Reference oceanic genes, genomes & transcriptomes - Task 4.2
The genetic information contained in the majority of planktonic organisms maintained in culture remains unknown. In fact, the vast majority of marine planktonic organisms cannot be maintained in culture. Thus the greatest limit to the above approaches is the lack of available reference sequences.
The OCEANOMICS team aims to generate new reference sequences that will facilitate the analysis of information generated by metagenetic approaches.
The first analyses of metabarcoding showed that a significant number of these markers could not be assigned to any organism identified in the databases. Surprisingly, the presence of markers of unknown species is sometimes considerable. To reveal the essential nature of this important unknown biodiversity, OCEANOMICS identifies the most abundant sequences that are associated with identified taxa and search copies of these sequences in the genomes and transcriptomes sequenced for better taxonomic characterization of biodiversity poorly described. In some cases, this information will be related to morphological knowledge generated by the working group 3.
Protists - Reference Transcriptomes
The size of protist genomes can be significantly larger than the human genome. This could be a major obstacle to the metagenetic study of ocean communities. A transcriptomic approach should help overcome this obstacle since the number of genes is rather stable from one eukaryotic species to another (about 10,000 genes per species).
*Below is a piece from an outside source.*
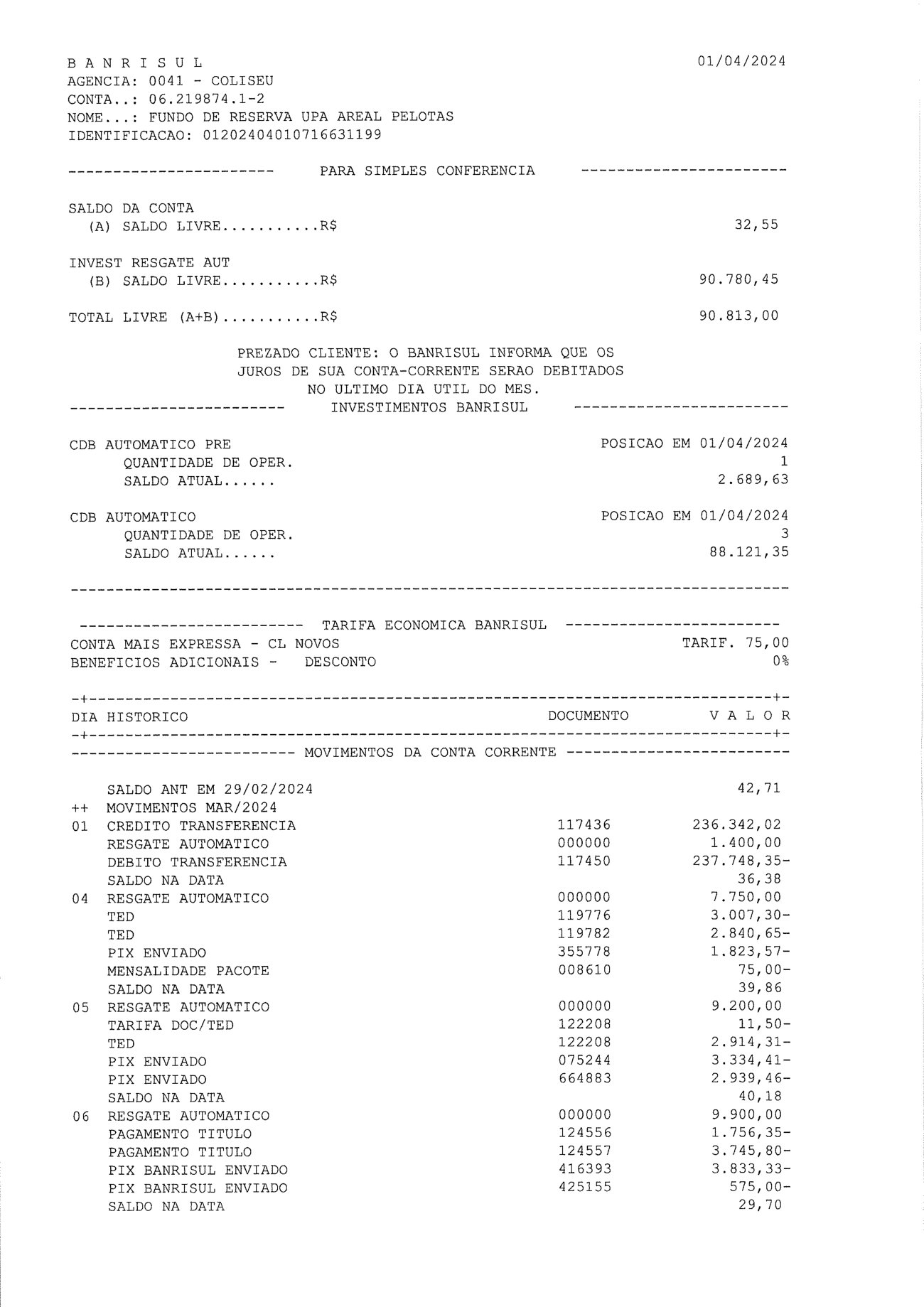 Página 4 de Relatorio Financeiro Upa Areal Fevereiro 2024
Furthermore, mRNA sequencing prevents contamination from prokaryotic nucleic acids, and the translation of these types of sequences can be used directly for searches of similarity, more sensitive at the protein level.
In order to improve the interpretation of metatranscriptomic datasets, OCEANOMICS aims to increase the number of reference transcriptomes for protists. This is done through the use of cultured strains in different collections (including the Roscoff Culture Collection), or isolated cells identified in freshly collected plankton samples. In this context, OCEANOMICS expects to generate approximately 250 new reference transcriptomes of phylogenetic and/or environmentally-friendly interest. The selection of organisms is guided by data obtained via metabarcoding and metagenomics.
For eukaryotes less than 20µm in size, single-cell amplified genome sequencing (SAGs) is used.
During the Tara Oceans expedition, organisms included in the smaller size fractions were cryopreserved for this purpose. Cells are isolated by flow cytometry. Their genome is then amplified, barcoded for phylogenetic assignment, and fully sequenced if necessary. A pipeline of bioinformatics tools has been developed for the annotation and analysis of these SAGs.